# YOUR GOAL
Please print the listing that follows word for word, but skip any pictures it holds.

** Opening MATERIAL TO PROCESS block **

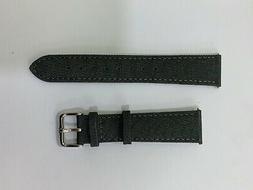 O "breil" 21 Mm Tessuto Grigio/verde Scuro - Nuovo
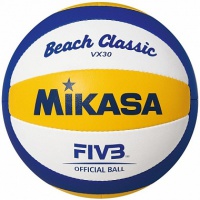 мяч для пляжного волейбола mikasa vx30 №5 (пу)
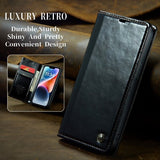CaseMe iPhone 15 Plus Suojakotelo 003 Series Musta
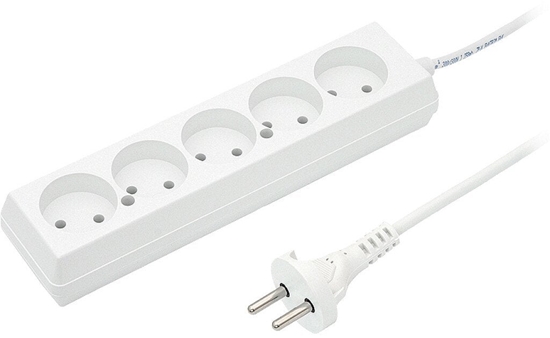 Изображение Przeduacz 5-gniazd b/u 10A 3m /OMY 2x1/ biay PS-560 T-105770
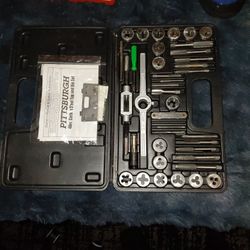 Pittsburgh Carbon Steel Tap And Die Set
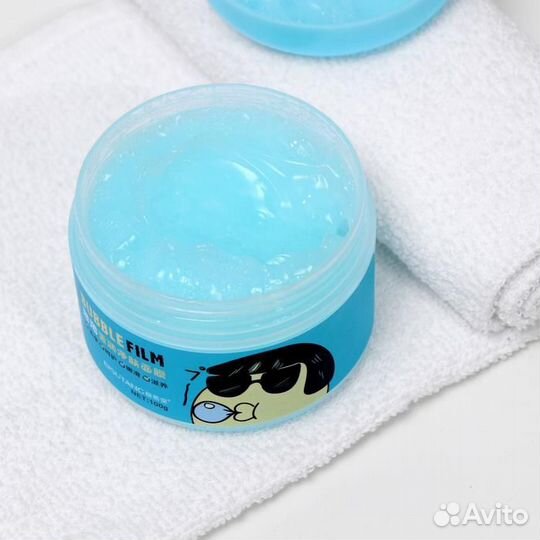 Пузырьковая голубая маска для лица, кислородная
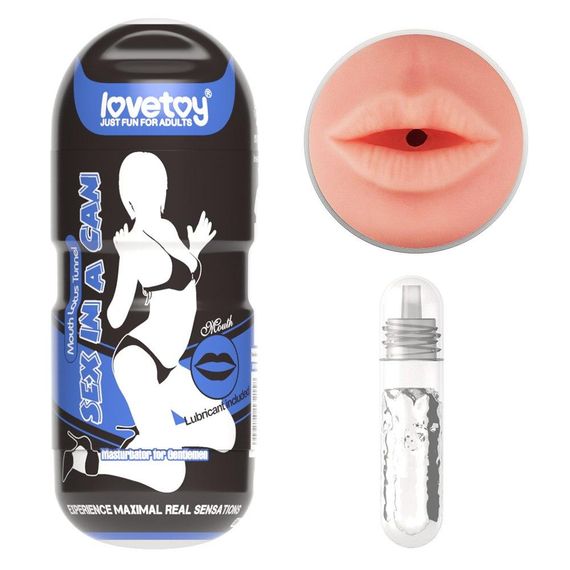 Мастурбатор SEX IN A CAN Lotus (рот) Sex Aura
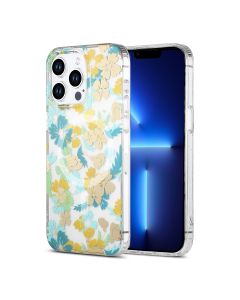 Mobilskal MagSafe för iPhone 13 Pro - Blommor Turkos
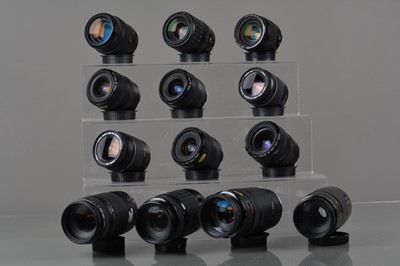 Lot 172 - A Group of Canon EF Lenses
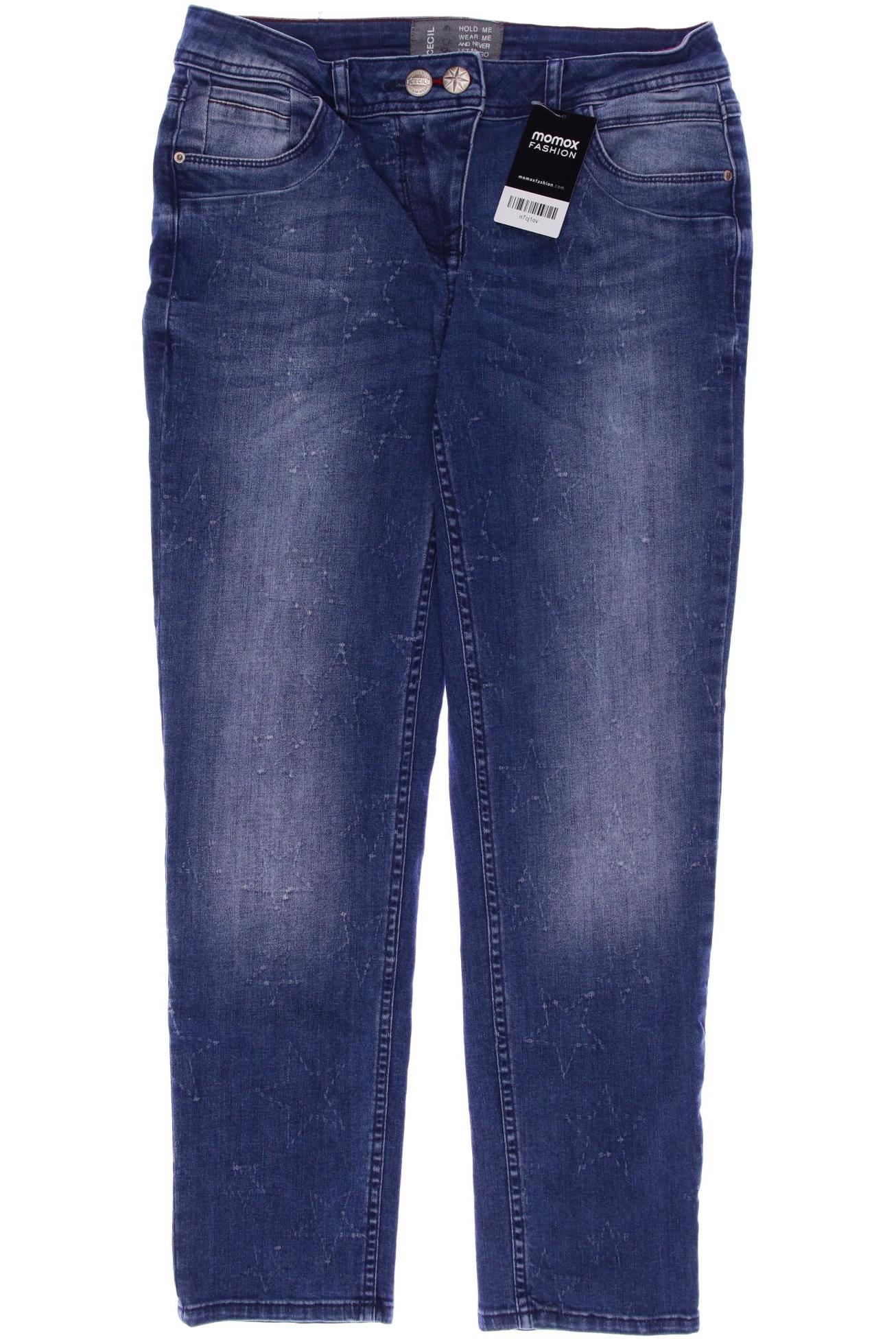 

CECIL Damen Jeans, blau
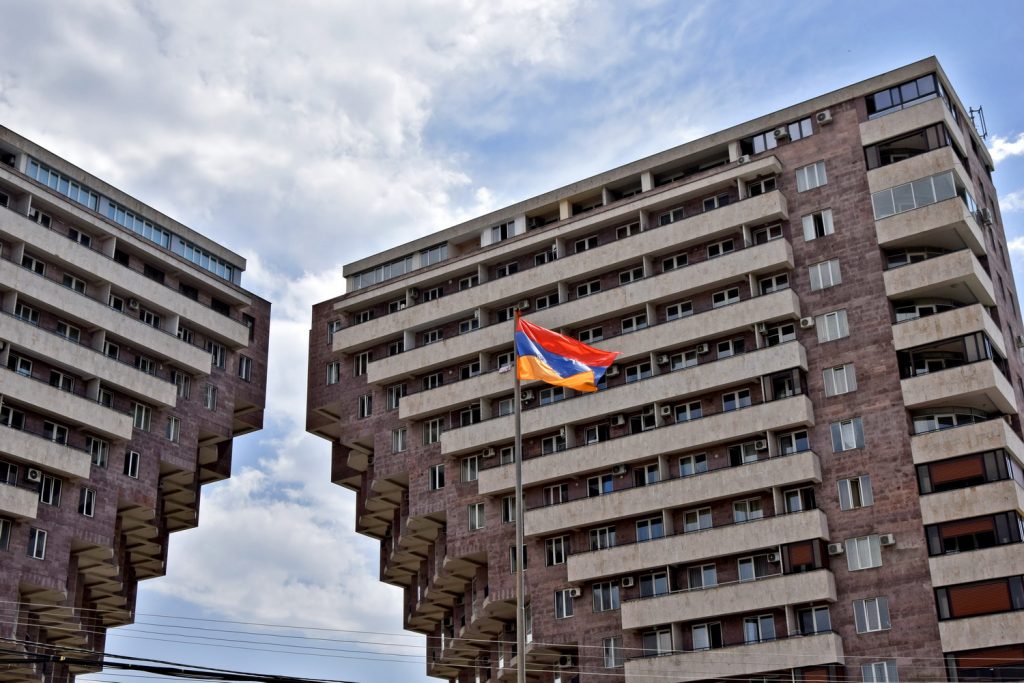 Erywań Armenia ciekawy budynek ZSRR
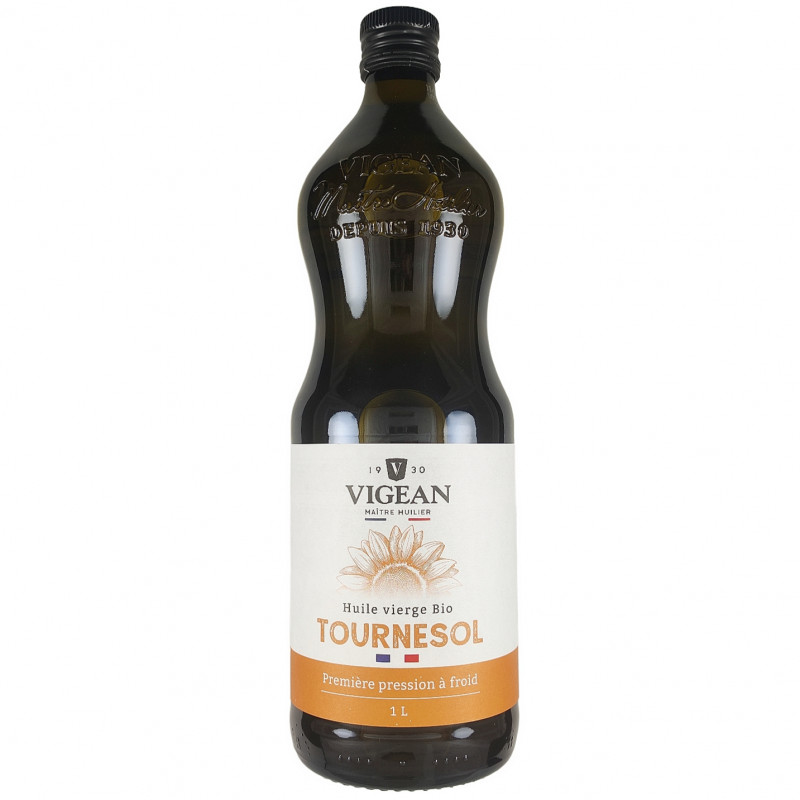 Huile Tournesol Vierge Bio 1L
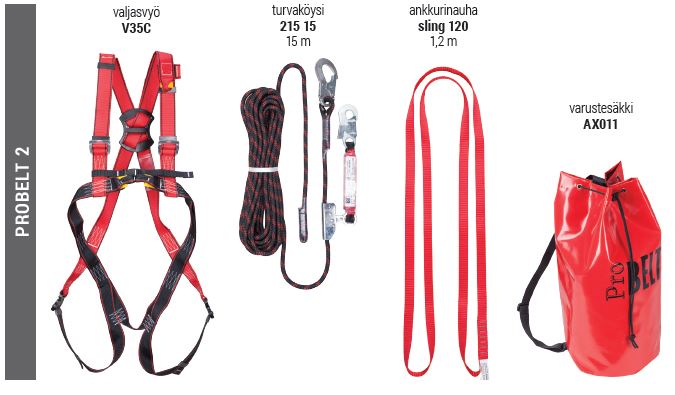 Fall arrest kit Probelt 2 Ready pack - Pakkaukset putoamissuojaimille - 850200 - 1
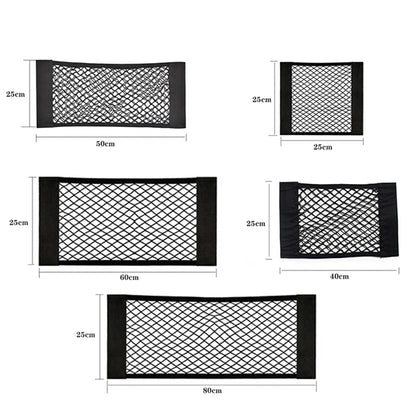 Filet de Rangement artificiel astique pour Siège Arrière de Voiture, Poche en Maille, Autocollant Magique, Sac Portable Universel, Accessoires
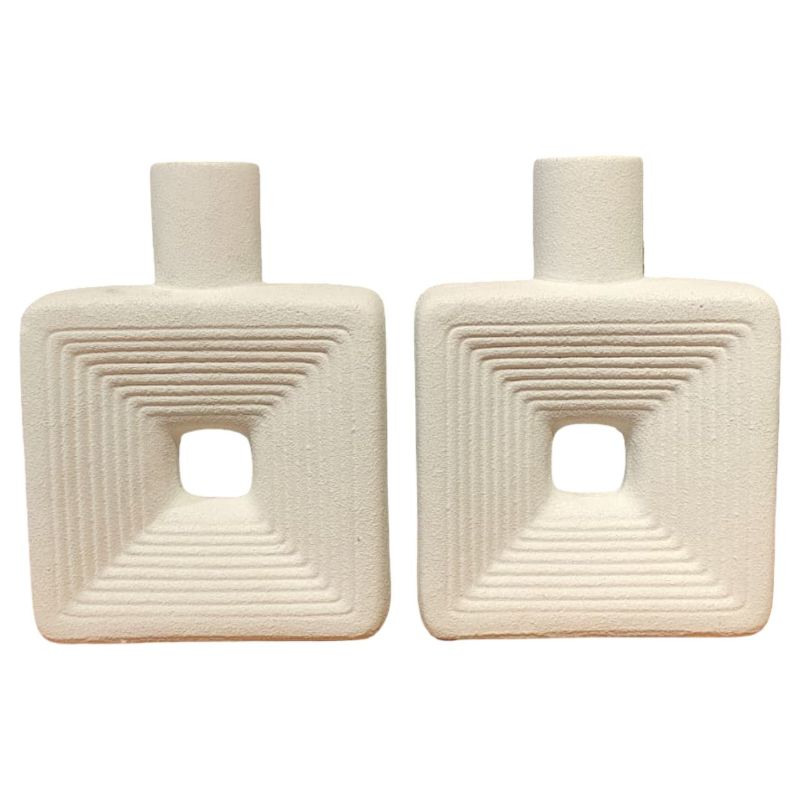 (TPM-1519) White Series Vase 3-20
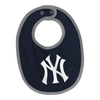 NY Yankees Baby Creeper Bib & Booties 3-pc Set - Pinstripe bib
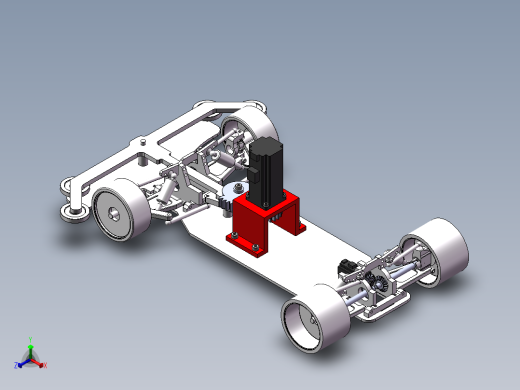 自动避障减震小车的设计【三维SW 含仿真动画】【13张CAD图纸+文档正等轴测缩略图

** Closing MATERIAL TO PROCESS block **

# WRITTEN ANSWER
 O "breil" 21 Mm Tessuto Grigio/verde Scuro - Nuovo
 мяч для пляжного волейбола mikasa vx30 №5 (пу)
CaseMe iPhone 15 Plus Suojakotelo 003 Series Musta
 Изображение Przeduacz 5-gniazd b/u 10A 3m /OMY 2x1/ biay PS-560 T-105770
 Pittsburgh Carbon Steel Tap And Die Set
 Пузырьковая голубая маска для лица, кислородная
 Мастурбатор SEX IN A CAN Lotus (рот) Sex Aura
 Mobilskal MagSafe för iPhone 13 Pro - Blommor Turkos
 Lot 172 - A Group of Canon EF Lenses

CECIL Damen Jeans, blau
 Erywań Armenia ciekawy budynek ZSRR
 Huile Tournesol Vierge Bio 1L
 Fall arrest kit Probelt 2 Ready pack - Pakkaukset putoamissuojaimille - 850200 - 1
 Filet de Rangement artificiel astique pour Siège Arrière de Voiture, Poche en Maille, Autocollant Magique, Sac Portable Universel, Accessoires
 (TPM-1519) White Series Vase 3-20
 NY Yankees Baby Creeper Bib & Booties 3-pc Set - Pinstripe bib
 自动避障减震小车的设计【三维SW 含仿真动画】【13张CAD图纸+文档正等轴测缩略图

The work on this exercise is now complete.